Linguistic predictability was measured using surprisal (experiment 1: mean = 7.92, s.d. = 2.10; experiment 2: mean = 8.17, s.d. = 1.92), defined as the negative log-transformed conditional probability of a word given its preceding context [58]. Surprisal provides a good measure of predictability and predicts reading times [59] and N400 amplitude [22]. Here, surprisal was generated using a bigram language model trained on the lemmatized version of the first slice (approx. 31-million tokens) of the ENCOW14-AX corpus [60]. Once trained, the model was used to calculate the surprisal of each word based on previous content words as follows:

surprisal(wt+1)=logP(wt+1|w1t),

where wt+1 indicates the current word, and w1…t stands for previous content words (see electronic supplementary material for more details).

Pitch prosody per word was quantified as mean F0 (experiment 1: mean = 298 Hz, s.d. = 84 Hz; experiment 2: mean = 288 Hz, s.d. = 88 Hz) extracted using Praat (v. 6.0.29) [61] (see electronic supplementary material for more details).

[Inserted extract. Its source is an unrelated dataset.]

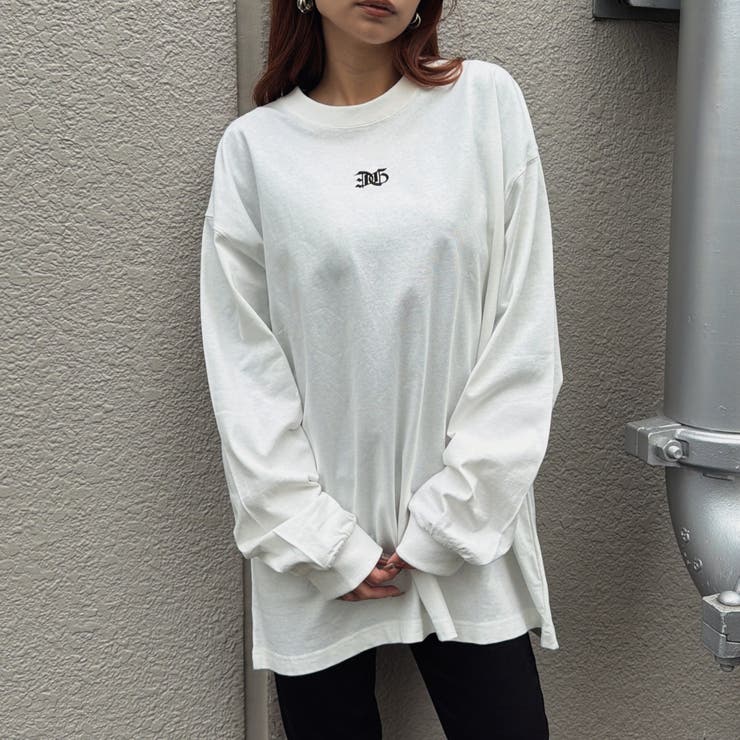 フロント刺繍ユニセックスロンT | EGOIST | 詳細画像13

Gestures were coded as meaningful gestures or beats by expert coders (two in experiment 1, three in experiment 2) in ELAN (version 5.0.0) [62]. Meaningful gestures (experiment 1: n = 359; experiment 2: n = 458) comprised iconic gestures (e.g. drawing movements for the word ‘drawing') and deictic gestures (e.g. pointing to the hair for ‘hair'). Beat gestures (experiment 1: n = 229; experiment 2: n = 340) comprised rhythmic movements of the hands without clear meaning [39]. To associate words with gestures, two variables, meaningful gesture and beat gesture, were then created. Words received 1 for meaningful gesture if a corresponding meaningful gesture was annotated, and 1 for beat gesture if it overlapped with the stroke of a beat gesture.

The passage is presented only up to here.